The U.S. Department of Housing and Urban Development for the first time failed to sell some of the soured mortgages it’s auctioning off in the wake of the housing crisis, according to four people with knowledge of the results.
HUD deemed bids on about $450 million of home loans too low to accept at an Oct. 30 sale, said the people, who asked not to be named because the details are private. Since 2010, the agency has sold about 50,000 non-performing single-family loans insured by the Federal Housing Administration to investors willing to either help keep the borrowers in their homes or rehab the properties for sale.
The sales are an attempt by HUD to simultaneously stem losses at the financially troubled FHA and pursue its public mission of averting foreclosures on the underlying properties.

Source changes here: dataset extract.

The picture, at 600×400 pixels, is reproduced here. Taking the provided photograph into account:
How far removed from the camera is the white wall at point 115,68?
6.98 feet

The refusal to accept bids on some of the pools may reflect that the FHA reached its limit on the losses it was willing to realize to keep some borrowers in homes or stabilize markets.

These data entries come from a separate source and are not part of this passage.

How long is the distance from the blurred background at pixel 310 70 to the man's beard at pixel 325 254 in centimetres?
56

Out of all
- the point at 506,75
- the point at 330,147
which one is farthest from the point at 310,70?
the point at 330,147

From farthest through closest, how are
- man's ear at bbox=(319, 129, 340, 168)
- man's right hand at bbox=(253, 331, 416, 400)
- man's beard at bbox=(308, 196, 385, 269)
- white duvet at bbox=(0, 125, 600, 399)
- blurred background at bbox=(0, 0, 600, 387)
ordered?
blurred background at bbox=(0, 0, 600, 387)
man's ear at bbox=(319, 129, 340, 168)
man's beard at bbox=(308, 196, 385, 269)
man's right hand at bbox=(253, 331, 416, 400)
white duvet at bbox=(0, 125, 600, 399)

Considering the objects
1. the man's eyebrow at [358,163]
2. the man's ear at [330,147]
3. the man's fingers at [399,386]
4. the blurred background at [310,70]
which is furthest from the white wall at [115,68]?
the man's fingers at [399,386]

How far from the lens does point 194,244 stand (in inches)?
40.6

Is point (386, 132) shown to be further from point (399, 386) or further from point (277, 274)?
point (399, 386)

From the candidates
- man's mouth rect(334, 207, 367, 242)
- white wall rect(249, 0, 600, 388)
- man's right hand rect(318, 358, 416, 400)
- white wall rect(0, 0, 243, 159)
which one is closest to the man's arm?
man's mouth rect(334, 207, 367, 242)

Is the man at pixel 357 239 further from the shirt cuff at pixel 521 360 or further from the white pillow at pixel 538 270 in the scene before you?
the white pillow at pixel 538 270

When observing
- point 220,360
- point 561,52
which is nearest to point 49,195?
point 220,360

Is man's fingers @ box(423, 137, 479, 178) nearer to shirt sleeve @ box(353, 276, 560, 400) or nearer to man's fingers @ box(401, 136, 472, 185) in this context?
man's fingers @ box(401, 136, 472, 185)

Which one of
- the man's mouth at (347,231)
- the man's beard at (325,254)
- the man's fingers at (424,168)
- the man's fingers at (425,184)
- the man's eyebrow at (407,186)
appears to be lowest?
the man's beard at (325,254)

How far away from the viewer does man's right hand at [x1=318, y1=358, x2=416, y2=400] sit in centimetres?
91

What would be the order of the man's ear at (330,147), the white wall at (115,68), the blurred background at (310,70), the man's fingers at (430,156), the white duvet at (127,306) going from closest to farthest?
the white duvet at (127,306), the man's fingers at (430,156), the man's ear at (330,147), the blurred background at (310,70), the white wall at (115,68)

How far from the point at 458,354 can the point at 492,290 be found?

“If you can get someone who’s willing to take these notes and fix the mortgages, or the properties and rent them out or transfer them to a nonprofit, the idea is that you’re not hurting places that have been hit hard by foreclosures,” said Andrew Jakabovics, senior director of policy development at Enterprise Community Partners and a former HUD policy adviser who helped design the note sale program. “It’s about striking that balance but also making sure that they’re not giving properties away far below what the value is.”